── MATERIAL PROVIDED

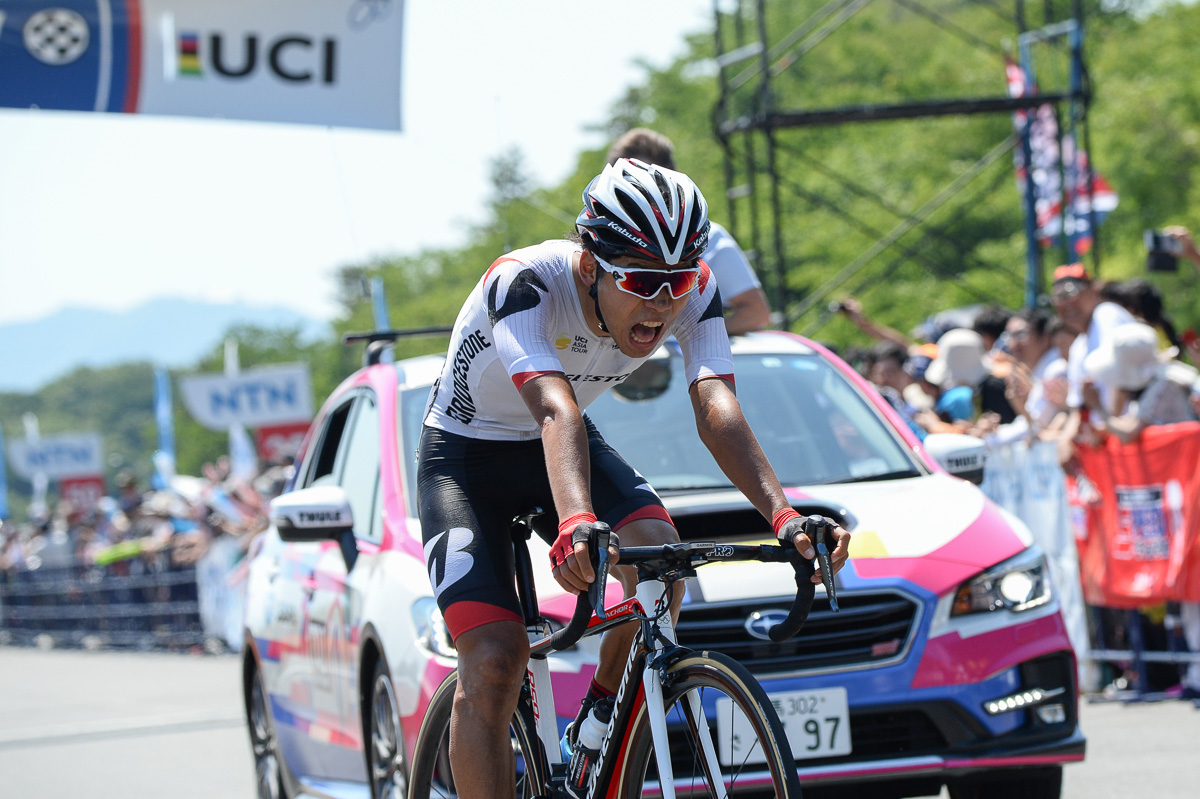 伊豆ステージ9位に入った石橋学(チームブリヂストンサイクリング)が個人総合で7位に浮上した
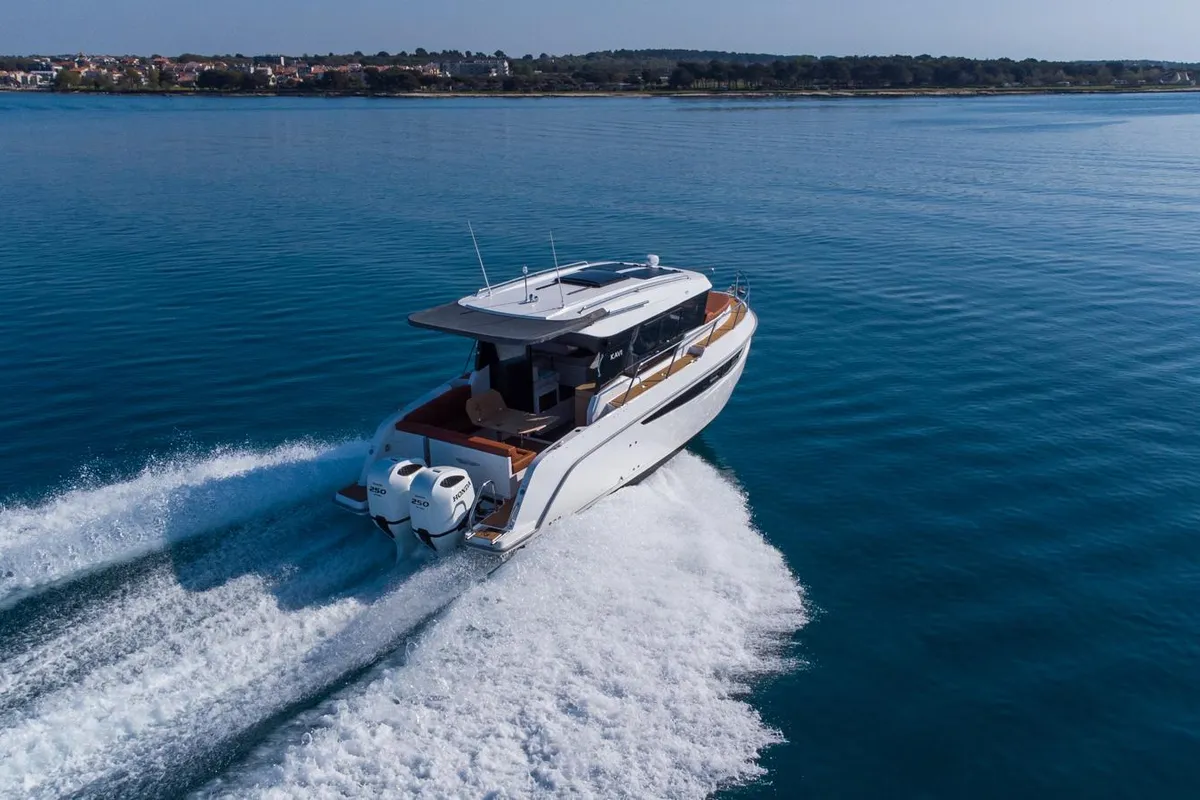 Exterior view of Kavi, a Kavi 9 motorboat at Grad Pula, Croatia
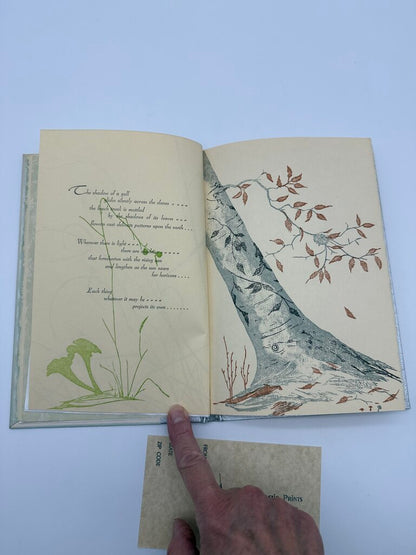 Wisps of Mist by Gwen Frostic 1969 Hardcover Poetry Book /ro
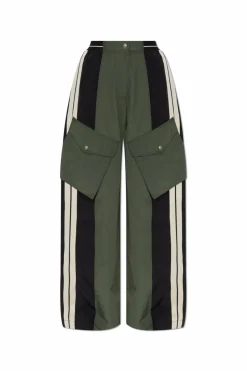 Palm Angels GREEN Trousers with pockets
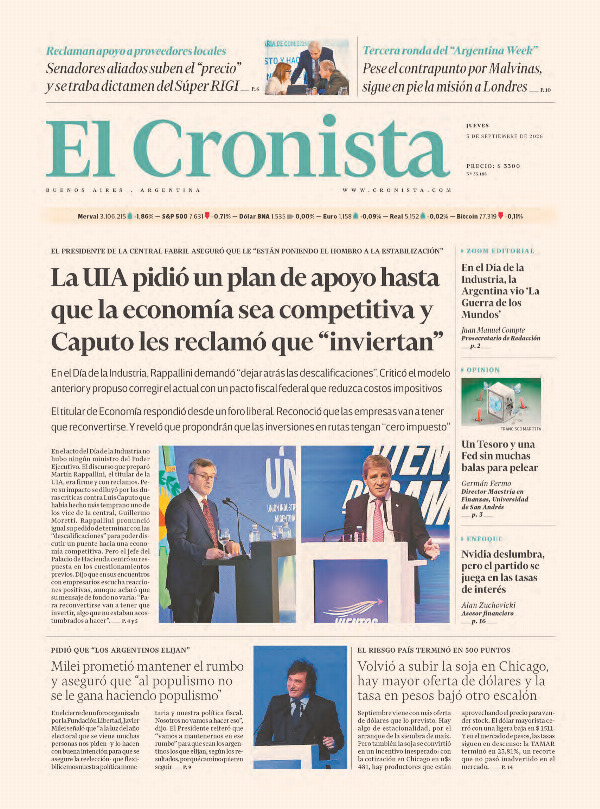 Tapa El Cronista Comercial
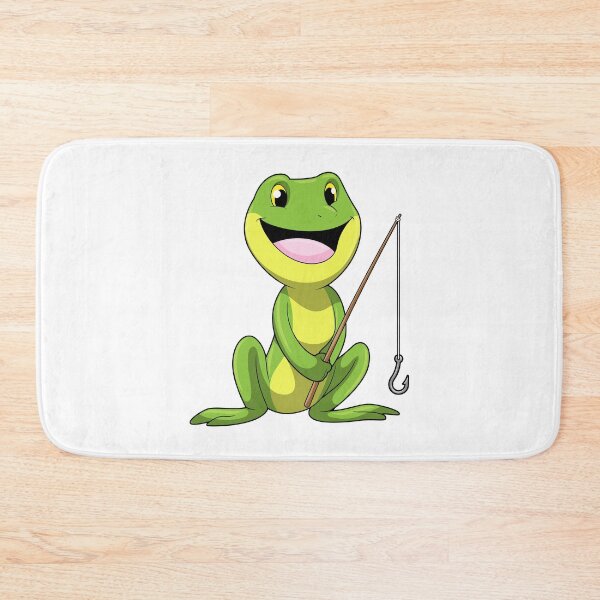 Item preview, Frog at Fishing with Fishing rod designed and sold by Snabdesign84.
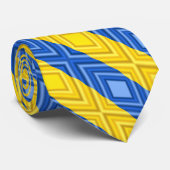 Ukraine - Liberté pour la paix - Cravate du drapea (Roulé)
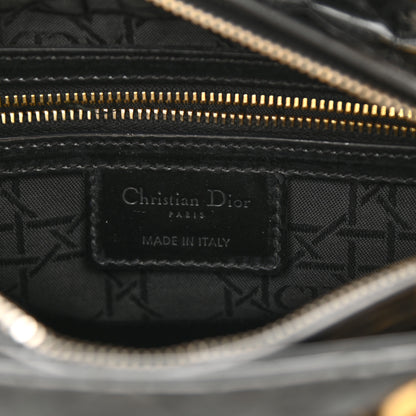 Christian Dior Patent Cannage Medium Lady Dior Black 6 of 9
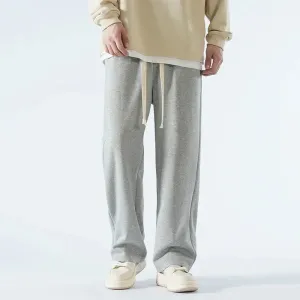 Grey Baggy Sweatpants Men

────

Skip the pictures and quote each line of the entries above, from the first through the line with "Ukraine - Liberté", exactly as it appears.

 伊豆ステージ9位に入った石橋学(チームブリヂストンサイクリング)が個人総合で7位に浮上した
 Exterior view of Kavi, a Kavi 9 motorboat at Grad Pula, Croatia
 Wisps of Mist by Gwen Frostic 1969 Hardcover Poetry Book /ro
 Palm Angels GREEN Trousers with pockets
 Tapa El Cronista Comercial
 Item preview, Frog at Fishing with Fishing rod designed and sold by Snabdesign84.
 Ukraine - Liberté pour la paix - Cravate du drapea (Roulé)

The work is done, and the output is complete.